A proposito di onestà, pur negando di aver mai usato l'espressione contestatagli e rilanciata con enfasi da alcune agenzie, Landini si è poi rivolto a Squinzi, replicando:
«Perchè lui non caccia fuori da Confindustria le aziende che pagano le mazzette, che corrompono. Perché non caccia fuori i Riva, quelli che portano i soldi in Svizzera?».

Quanto a Renzi, il numero uno dei mettalmeccanici ha ribadito l'accusa al premier di voler ricacciare i lavoratori a condizioni dei decenni o secoli passati:
«Non sta creando lavoro ma sta trasformando le condizioni di chi lavora in schiavitù. Stiamo assistend a un tentativo pericolosissimo di far passare l'idea che pur di lavorare uno deve essere pronto ad accettare qualunque condizione. Il premier ha detto che il mestiere degli altri è solo scioperare e che lui invece crea lavoro. Ho pensato che nella storia del mondo c'era stata una persona, Gesù Cristo, che aveva fatto miracoli camminando sull'acqua e moltiplicando pani e pesci, ma nemmeno lui era riuscito a creare lavoro. Mi sono chiesto se siamo di fronte a un delirio di onnipotenza o ad una persona che non è in grado di affrontare i problemi di questo Paese».

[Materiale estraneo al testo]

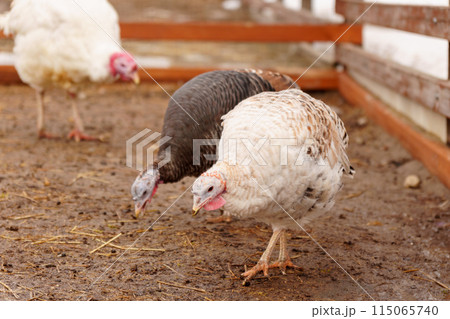 Domestic turkey confidently strides across the terrain of a farmyard rural life. Domestic turkey confidently strides across the terrain of a farmyard rural life. 115065740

Infine, tornando sulla frase messa sotto accusa, Landini ha precisato:
«Mai pensato - come mi viene attribuito da alcuni mezzi di informazione - che Renzi non ha il consenso degli onesti, ho detto - e ribadisco - che il premier non ha il consenso della maggioranza delle persone che lavorano o che il lavoro lo cercano e che sono nella parte onesta del paese che paga le tasse. Queste persone sono parte di quella parte del paese onesta che paga le tasse e tiene in piedi questo Paese. A quelli che hanno la cosa di paglia dico: facciano i provvedimenti giusti».

A infiammare la polemica, peraltro, aveva pensato ieri il premieri, alzando i toni sulla decisione di Cgil e Uil di attuare lo sciopero generale il 12 dicembre (la Cisl invece non ci sta):
«Anzichè passare il tempo ad inventarsi ragioni per fare scioperi, mi preoccupo di creare posti di lavoro», aveva detto il presidente del consiglio. I sindacati non ci stanno e pur con motivi diversi avevano respinto il duro l'attacco. «È irrispettoso per il lavoro e per il sacrificio dei lavoratori», aveva replicato il numero uno della Cgil, Susanna Camusso, aggiungendo: «Renzi dialoga solo con chi gli dà ragione, invece bisognerebbe ascoltare le ragioni del disagio nel mondo del lavoro e dare risposte positive, con le misure del governo (Jobs Act e legge di stabilità, ndr) si torna all'800 e non si crea lavoro».